Oggi c’è una nebbiolina sottile. Un silenzio fitto. Sono a passeggio col mio cane, Firenze mi sembra spettrale. Non so se io da dentro ci metto qualcosa di mio, la fuori. O se da fuori, qualcosa di spettrale è entrato dentro di me dopo venerdi. Mi viene in mente il giorno dopo i bombardamenti nei racconti di mio nonno. Era tutto rallentato. Era tutto molto finto. Era come in un cartone animato dell’orrore. Lui non lo poteva sapere, che si chiamava disturbo post traumatico, e se tornassi piccolo glielo vorrei spiegare. Soprattutto, se lui fosse ancora vivo. Sono certo che mi risponderebbe bravo, dandomi un bacio e mille lire.
Eppure di domenica le persone viaggiano. Di domenica le persone pranzano. Di domenica le persone parlano. E nel fine settimana si vogliono divertire. Magari al ristorante o in discoteca. Io non so bene come fare. Al mio bisogno di riposo, oggi si mischiano il nervosismo e l’impotenza. Quando succedono fatti come Parigi, mi dico che è normale sentirsi cosi. Sono contento di sentirmi cosi. Mi preoccuperei, se non mi sentissi cosi. Spero che tutti noi, ci sentiamo così.

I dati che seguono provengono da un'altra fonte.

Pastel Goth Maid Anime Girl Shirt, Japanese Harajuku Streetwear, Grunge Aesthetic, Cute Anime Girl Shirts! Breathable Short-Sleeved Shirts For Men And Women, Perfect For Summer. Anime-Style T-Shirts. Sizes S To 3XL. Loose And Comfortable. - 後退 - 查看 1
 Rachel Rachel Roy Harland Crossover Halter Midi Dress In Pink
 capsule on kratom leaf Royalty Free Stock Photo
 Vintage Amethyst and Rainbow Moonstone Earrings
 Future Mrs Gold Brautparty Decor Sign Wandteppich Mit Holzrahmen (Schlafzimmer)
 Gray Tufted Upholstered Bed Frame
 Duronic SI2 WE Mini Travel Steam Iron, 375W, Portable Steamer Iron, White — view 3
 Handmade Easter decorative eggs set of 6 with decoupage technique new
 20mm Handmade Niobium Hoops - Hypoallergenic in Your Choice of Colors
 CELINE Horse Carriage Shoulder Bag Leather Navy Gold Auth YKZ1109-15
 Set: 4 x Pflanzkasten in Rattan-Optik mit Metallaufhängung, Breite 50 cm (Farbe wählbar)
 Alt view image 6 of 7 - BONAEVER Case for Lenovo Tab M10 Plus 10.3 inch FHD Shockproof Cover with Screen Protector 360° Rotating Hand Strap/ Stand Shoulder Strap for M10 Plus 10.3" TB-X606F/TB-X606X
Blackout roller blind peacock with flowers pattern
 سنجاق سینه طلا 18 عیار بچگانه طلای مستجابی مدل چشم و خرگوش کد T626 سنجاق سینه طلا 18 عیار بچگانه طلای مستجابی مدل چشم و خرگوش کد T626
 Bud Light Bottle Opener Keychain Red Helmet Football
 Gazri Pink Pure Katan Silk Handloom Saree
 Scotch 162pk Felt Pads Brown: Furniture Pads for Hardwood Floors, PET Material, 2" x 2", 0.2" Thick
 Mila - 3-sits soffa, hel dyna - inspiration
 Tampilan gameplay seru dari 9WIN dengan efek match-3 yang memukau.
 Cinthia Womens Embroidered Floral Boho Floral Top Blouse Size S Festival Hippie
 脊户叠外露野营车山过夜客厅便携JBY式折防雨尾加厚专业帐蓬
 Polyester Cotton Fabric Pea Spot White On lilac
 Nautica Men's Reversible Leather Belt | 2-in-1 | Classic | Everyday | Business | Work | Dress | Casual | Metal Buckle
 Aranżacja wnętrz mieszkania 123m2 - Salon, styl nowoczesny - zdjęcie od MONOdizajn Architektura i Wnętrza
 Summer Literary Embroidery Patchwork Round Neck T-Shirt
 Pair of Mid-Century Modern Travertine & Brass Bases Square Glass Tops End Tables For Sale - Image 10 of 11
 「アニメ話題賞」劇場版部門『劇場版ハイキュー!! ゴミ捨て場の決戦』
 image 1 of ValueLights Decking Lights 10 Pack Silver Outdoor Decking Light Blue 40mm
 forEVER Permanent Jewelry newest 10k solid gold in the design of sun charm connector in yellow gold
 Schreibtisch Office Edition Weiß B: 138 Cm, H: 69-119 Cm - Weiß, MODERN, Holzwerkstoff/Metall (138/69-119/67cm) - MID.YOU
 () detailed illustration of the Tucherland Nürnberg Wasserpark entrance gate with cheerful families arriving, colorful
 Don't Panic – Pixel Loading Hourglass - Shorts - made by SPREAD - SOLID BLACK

È diventato difficile trovare una coordinata emotiva. Alternative all’odio ed al rancore. Cercare un significato locale ed universale. Ero a cena venerdi con mio fratello e mio cugino, una bella cena dopo tanti anni. Mangiavamo cibi emiliani. Al dolce ho detto: sparano a Parigi, che controllo sempre questo maledetto cellulare. Poi c’è stato il tam tam delle notizie. Una notte indigesta. La voglia di parlarne con tutti. Di alzare il telefono e chiederti come stai. Sentire accanto ogni persona cara.
Non posso e non voglio chiudere la mia famiglia in un cassetto. Ma da domani ciascuno ricomincia da sè, con qualche legame di senso in meno ed un po’ di paura in più. Il mondo in cui siamo capitati, si diverte a farci convivere con la paura. Vari tipi di paure. Un intero catalogo di paure. Ormai ne siamo assuefatti. Dopo lo spavento, per la paura, c’è l’assefuazione. Anche questo fa parte della sindrome. Ed è un passaggio molto pericoloso, perchè non percepisci più il pericolo, quando ti assuefai alla paura di vivere.
Ad esempio paura che, come mi diceva mio nonno, l’impegno personale non basti. Proprio come forse pensava lui, il giorno dopo i bombardamenti. Quando sei in guerra con la paura del licenziamento, della catastrofe naturale, della spending review, del default o di un attacco terroristico, la realtà è più potente dell’impegno, perchè ha il potere di decidere cosa farsene di te.
Ti verrebbe da dire: allora io non mi impegno più. Rientro a casa con Lola. Ha fame. Mi guarda e scodinzola. Lola è contenta. Lola corre. Lola l’ho portata fuori. Mi dico che passerà, perché non ha senso vivere senza impegnarsi a farlo. Le verso un po’ di crocchette nella ciotola. Si comincia dalle piccole cose. Anche questo me lo ha insegnato mio nonno.